Perhaps the most troubling thing I have seen is that churches think that they are the ones who are supposed to come up with their mission and vision.
- Jesus is the one who defines the church
- Jesus is the One who purchased the church
- Jesus is the Head of the church
- Jesus should be able to, and already has, been the One who defines the mission of the church- not us.
We do not need to create a mission because Jesus gave the church a GREAT COMMISSION (Matthew 28:16-20).
Any other mission will never be as great as the mission that Jesus died to purchase for His church.
We do not have to wonder what it looks like, because Jesus clearly defined for us a GREAT COMMANDMENT (Luke 10:25-37) and anything less that we would give our lives to will never be as great and would be, well...less.
So really, the mission of the church is simply “The Great Commandment+The Great Commission=our mission”
There can be different language we use so that it is palpable to our unique and multivarried churches and to allow for creativity, but even if the language differs the message should be the same.
- Defined by Jesus
Again, our mission clearly stated is: “Our mission is to Love God, make disciples of Jesus and to plant Gospel-Centered churches”
Over the next week, we are going to dive into explaining the three main components of:
- Growing in love with our Savior as disciples of Jesus
- Making disciples of Jesus
- Multiplying disciples through the planting of healthy, reproducing churches
But, the most important part of a church's mission is that it actually exists in reality.
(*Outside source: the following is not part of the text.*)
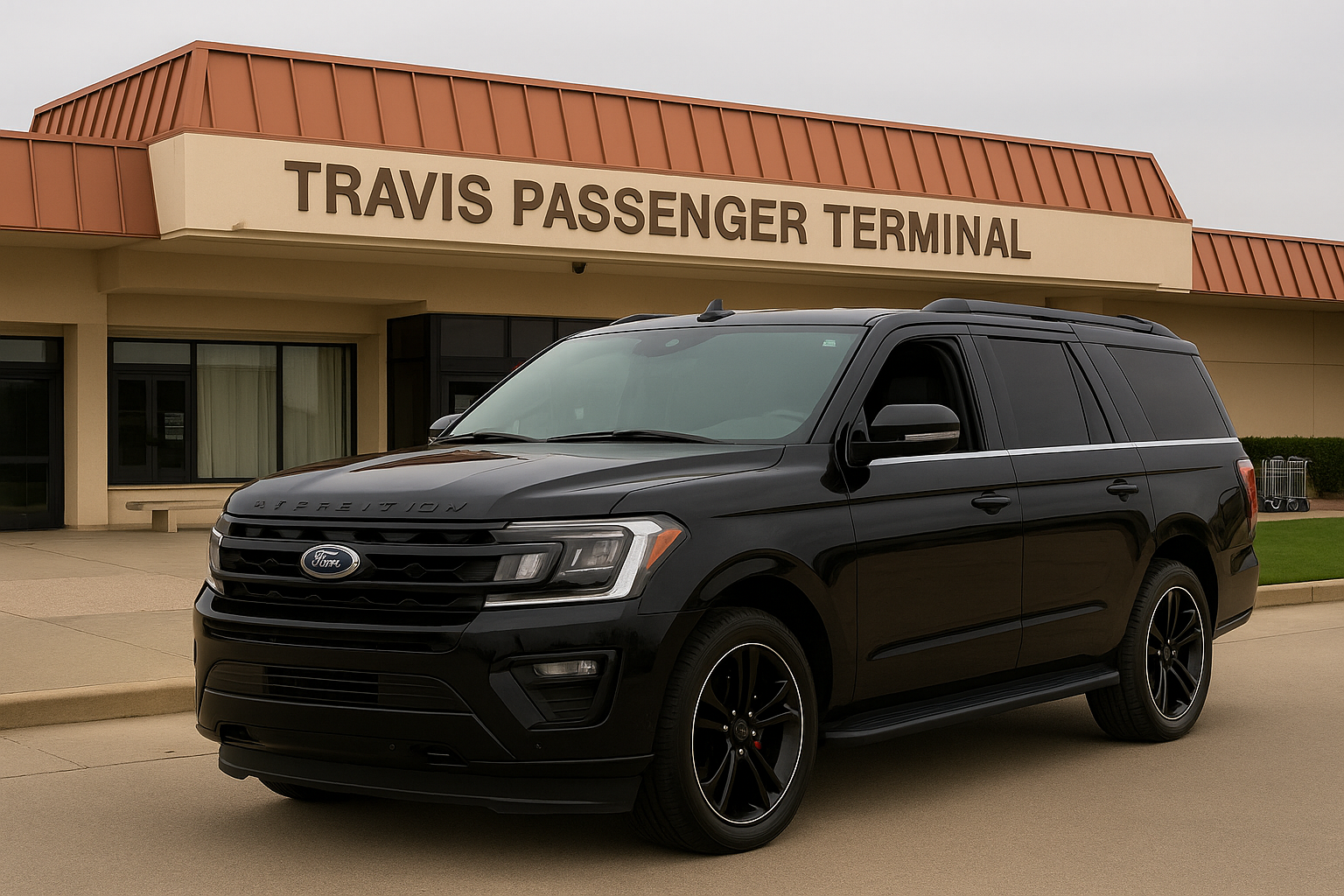  Travis Air Force Base airport shuttle with clean, comfortable private seating for reliable transportation to SFO, OAK, SMF, and SJC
It cannot just be words on a page. They must reflect the honest heart-motivations of the church and honestly reflect what life in a church community looks like.
So, as we consider "FOUNDATIONS", it is important to define what we are about. It is important that what we are about comes directly from God's Word and is in line with His purposes. It is important that it reflects God's foundation- the precious, life giving Gospel of Jesus Christ. It is important that Jesus defines the mission for His church.
These truths ARE foundational because they are objective truth from God's holy Word. But these truths become foundational for an actual body, a local assembly, when they are lived out and direct who we are as a church and direct what we say yes to and what we say no to. Our mission is supposed to be a grid, but it is also supposed to be a filter to help keep the main thing the main thing and not veer off path resulting in a different, lesser mission.
"God, please grant us the courage as leaders to lead our church on this simple but worthy mission. May we lead as those who have given our lives to this mission. May it be evident to the the body that the leaders bleed this mission. May our body be constructed of those who rally together around a simple, biblical mission and free us from the trappings of complexity, confusion and the busyness of consumeristic-Christian-culture, and may we refuse to be diverted from this noble call so that many might hear and know of the grace and majesty of our King."